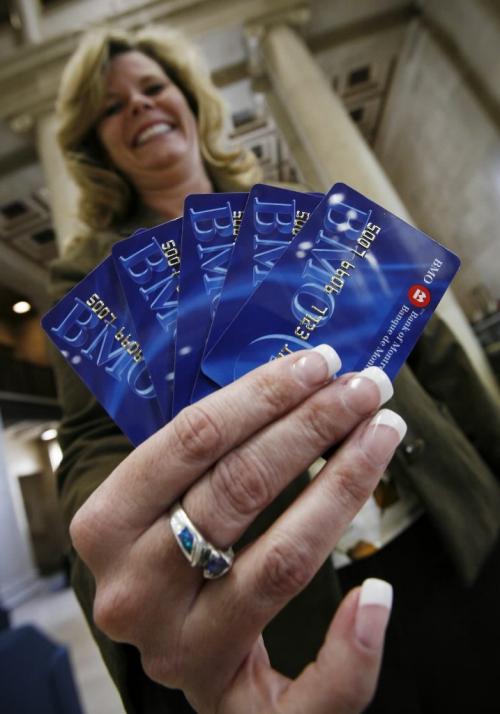 John Woods / Winnipeg Free Press / February 8, 2008- 080208  - Yvonne Couvier, Bank of Montreal Main/Portage branch manager , poses for a photograph with some bank cards Friday, February 8, 2008.  The cards will be phased out in the near future.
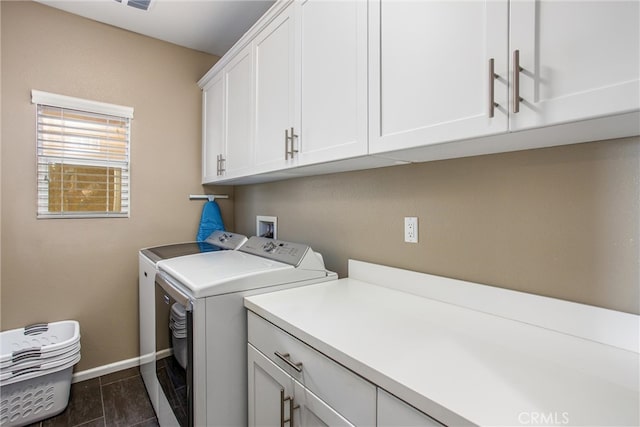 laundry room featuring cabinet space, washer and dryer, and baseboards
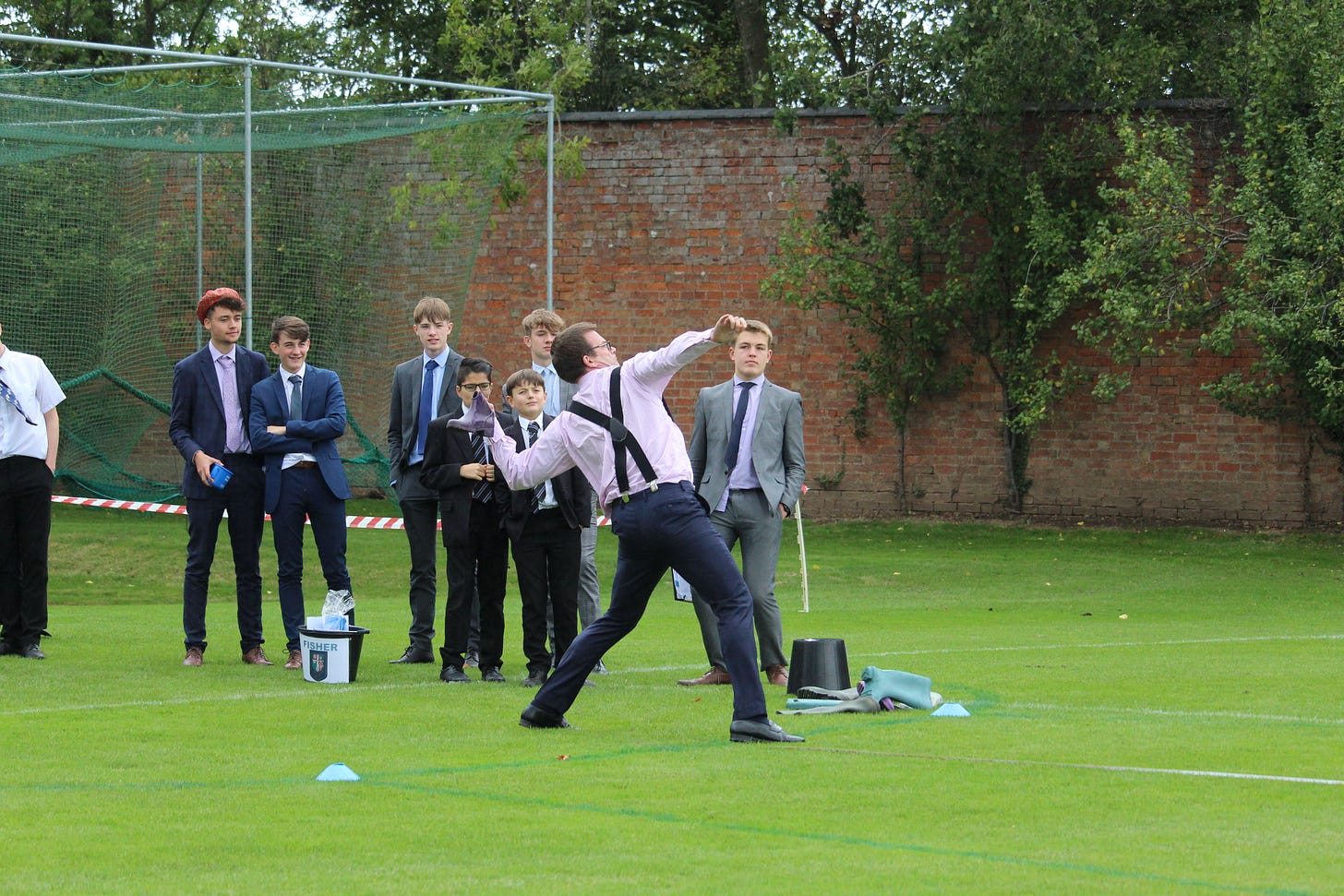 Princethorpe’s headmaster making the winning throw at the 2019 welly wanging competition. Picture supplied by Princethorpe College.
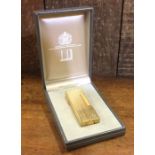 DUNHILL: A cased gold plated lighter. Est. £20 - £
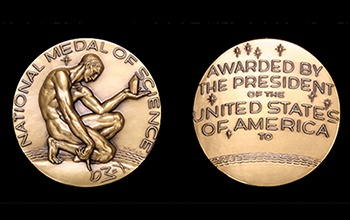 Two sides of a gold medal showing a naked man's figure with head bowed and hand outstretched offering item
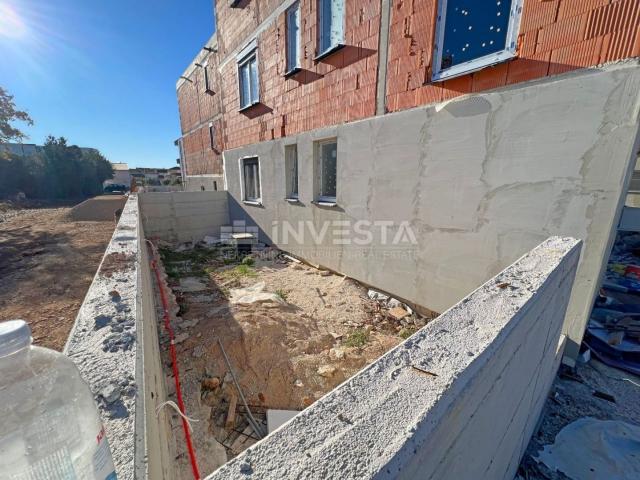 Medulin, two-room apartment on the ground floor of a new building with a garden of 90 m2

○ ○ ○ ○ ○ ○ ○

Return every entry unchanged and skip the pictures.

 John Woods / Winnipeg Free Press / February 8, 2008- 080208  - Yvonne Couvier, Bank of Montreal Main/Portage branch manager , poses for a photograph with some bank cards Friday, February 8, 2008.  The cards will be phased out in the near future.
 laundry room featuring cabinet space, washer and dryer, and baseboards
 Princethorpe’s headmaster making the winning throw at the 2019 welly wanging competition. Picture supplied by Princethorpe College.
 DUNHILL: A cased gold plated lighter. Est. £20 - £
 Two sides of a gold medal showing a naked man's figure with head bowed and hand outstretched offering item
 Medulin, two-room apartment on the ground floor of a new building with a garden of 90 m2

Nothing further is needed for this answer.